• "Je n'oublierai jamais la détrese de cette famille"

    Démolition de maisons en Cisjordanie


    reçu de Maritza


    vendredi 22 décembre 2006.



    Par Jane Smith




    Al Funduq - Les machines à briser des vies, 22 nov 2006
    En arrivant dans le village d'Al Funduq, dans le centre de la
    Cisjordanie, les effets produits par la destruction de la première
    maison étaient visibles. Une famille se tenait sur un amas de gravats,
    muette et hébétée.










    La démolition de la deuxième maison commençait juste et les bulldozers
    Caterpillar et Volvo s'enfonçaient dans les murs du 1° étage de la
    maison presque terminée. A notre approche, quatre Palestiniens ont
    franchi en courant la rangée de soldats israéliens pour entrer dans la
    maison. Leur courage m'a profondément émue. Les soldats ont fait sortir
    les hommes de la maison manu militari, en tenant l'un d'eux fermement
    par une prise à la nuque et en passant à deux autres les menottes
    qu'ils ont gardées pendant tout le temps qu'a duré la démolition. En
    l'espace d'une heure, la maison n'était plus qu'un amas de gravats. La
    famille n'avait pu rien faire, si ce n'est regarder leurs années de
    travail et d'économies anéanties par l'armée israélienne. Caterpillar
    and Volvo tirent des bénéfices de la douleur de cette famille.

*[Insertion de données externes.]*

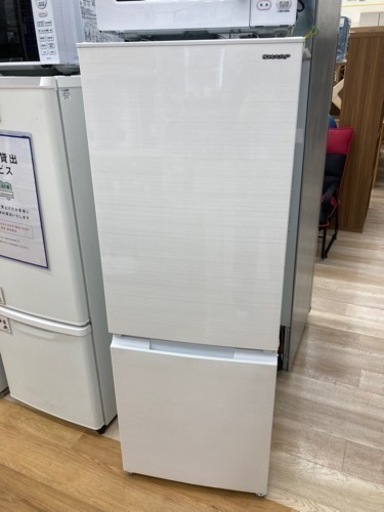 SHARP(シャープ)の2ドア冷蔵庫　SJ-D18G-W　のご紹介です。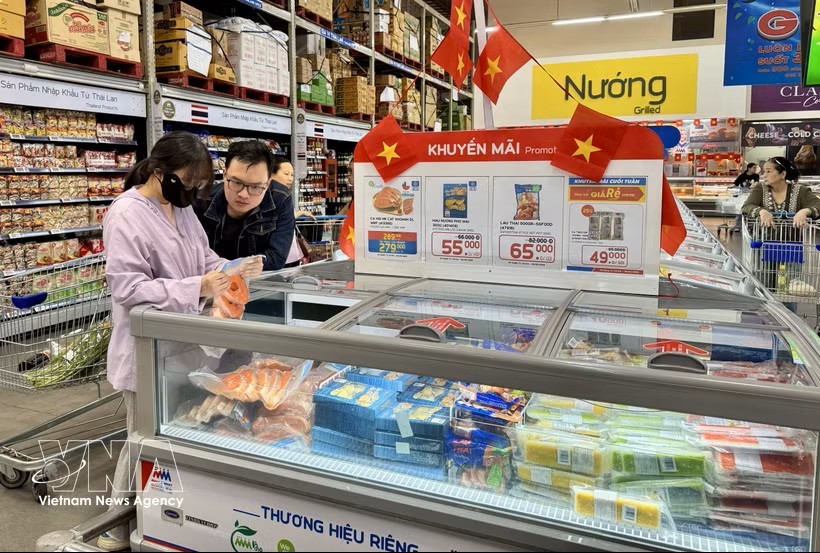 胡志明市的MM Mega Market超市在节假日期间通过打折促销活动吸引消费者。图：越通社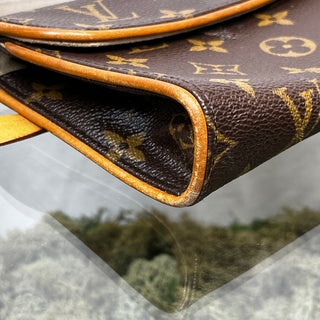 LOUIS VUITTON Pochette Florentine Brown Monogram Belt Bag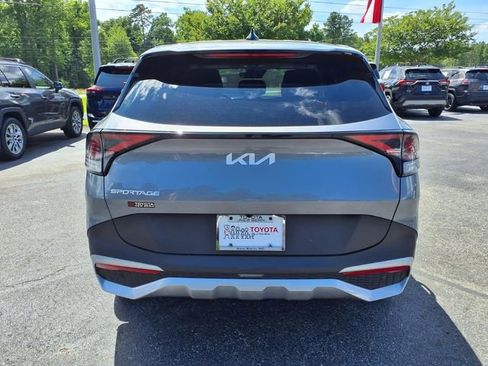 Used 2024 Kia Sportage EX FWD image 2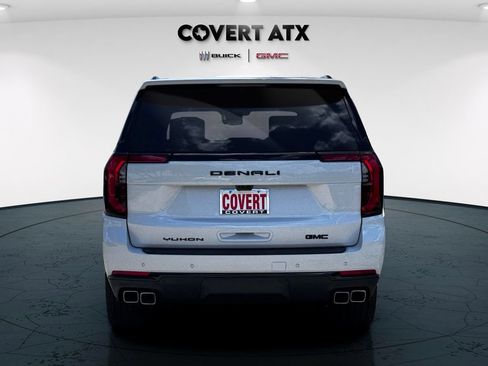 New 2026 GMC Yukon Denali Ultimate w/ LPO, Floor Liner Package AWD/4WD image 7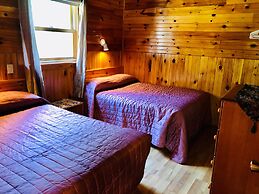 Green Gables Bungalow Court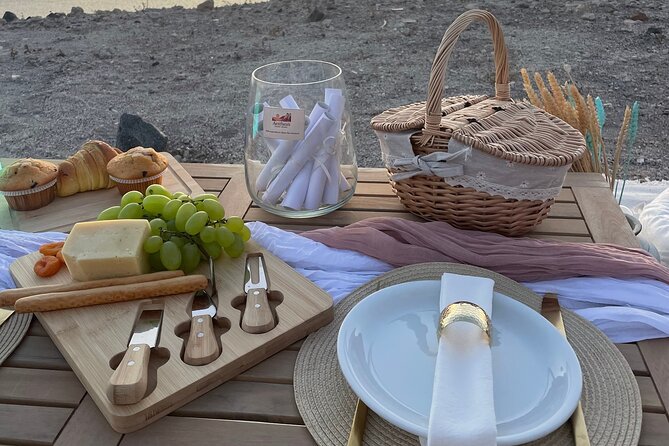 Aesthesis Sunset Picnic – Caldera View Edition - Sunset Picnic Timing: What 2 Hours 30 Minutes Feels Like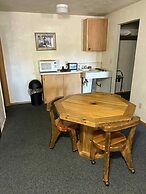 Willamette Pass Inn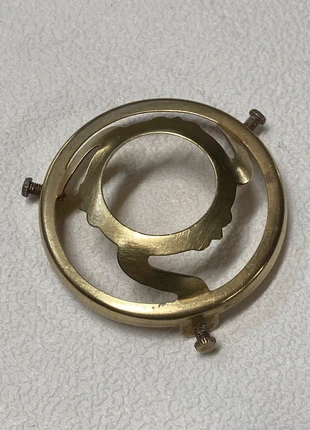 Ancienne griffes de fixation en laiton pour luminaires, brand: laiton, condition: Very good, €6.00, €7.00 includes Buyer Protection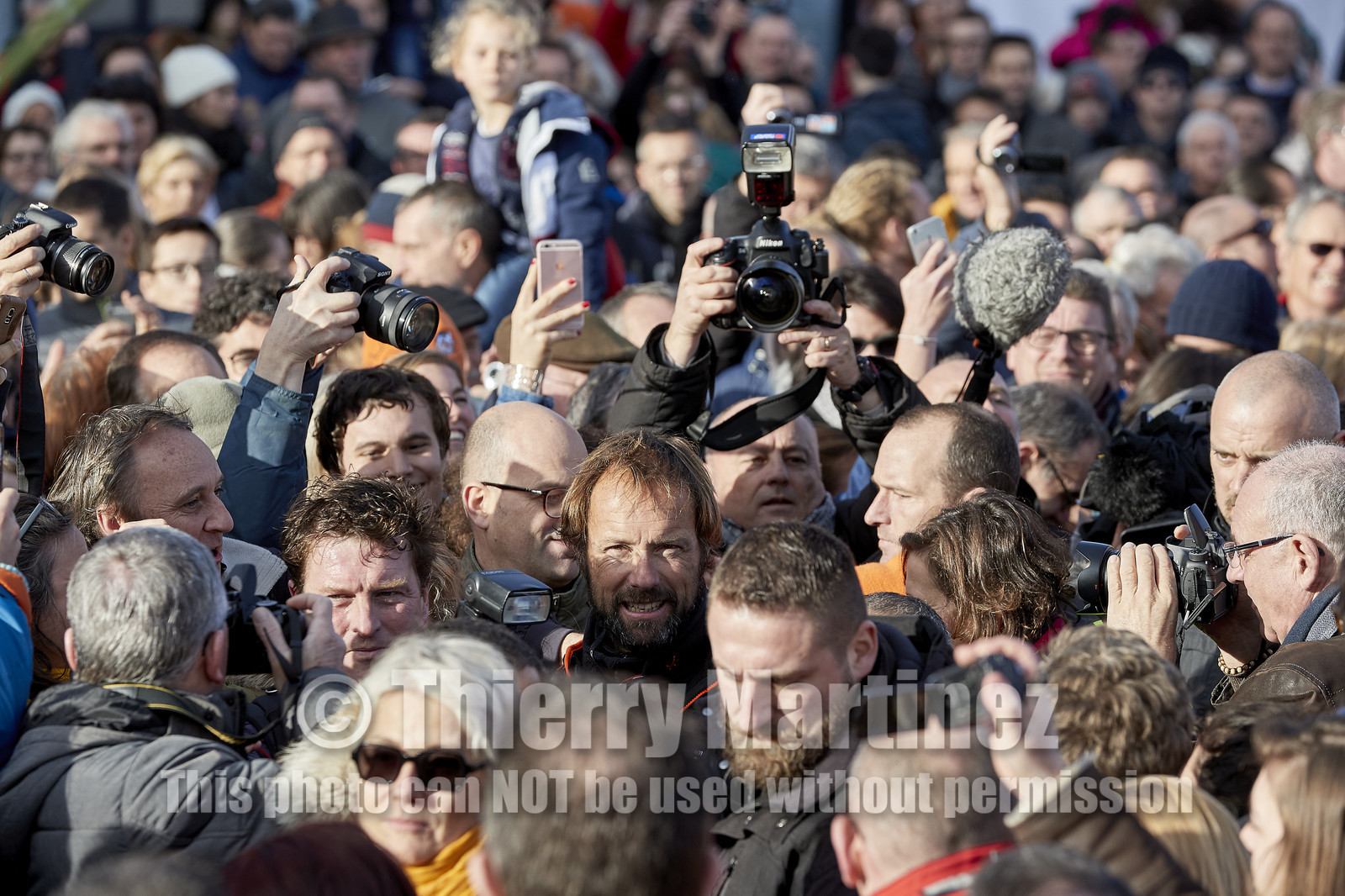 Single-handed sailing round the world record .
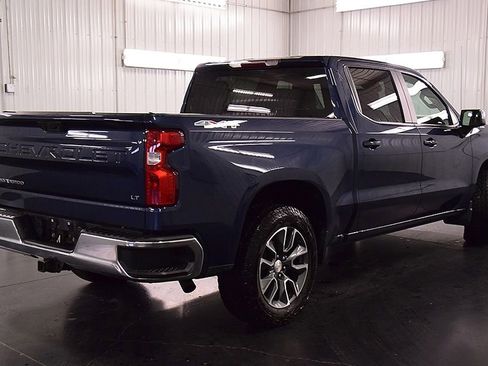 Used 2023 Chevrolet Silverado 1500 LT AWD/4WD image 9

    Les bulldozers ont fait demi-tour et sont repartis en
    direction du village. Entretemps, nous avions été rejoints par 5 autres
    « internationaux ». Nous sommes partis devant pour parvenir sur les
    lieux avant l'arrivée des bulls. L'armée israélienne, évidemment,
    cernait déjà le bâtiment. C'était une grosse bâtisse agricole qui
    renfermait du bétail. De toute évidence, de l'argent y avait été
    investi et nul doute que beaucoup de personnes dépendaient de ce revenu
    pour se nourrir. Pendant qu'ils démolissaient un bout du bâtiment,
    j'aidais la famille à récupérer quelques affaires à la va-vite.




    Sans faire de pause, les bulls et l'armée sont repartis pour le quatrième site à démolir, dans le village voisin d'Hajja.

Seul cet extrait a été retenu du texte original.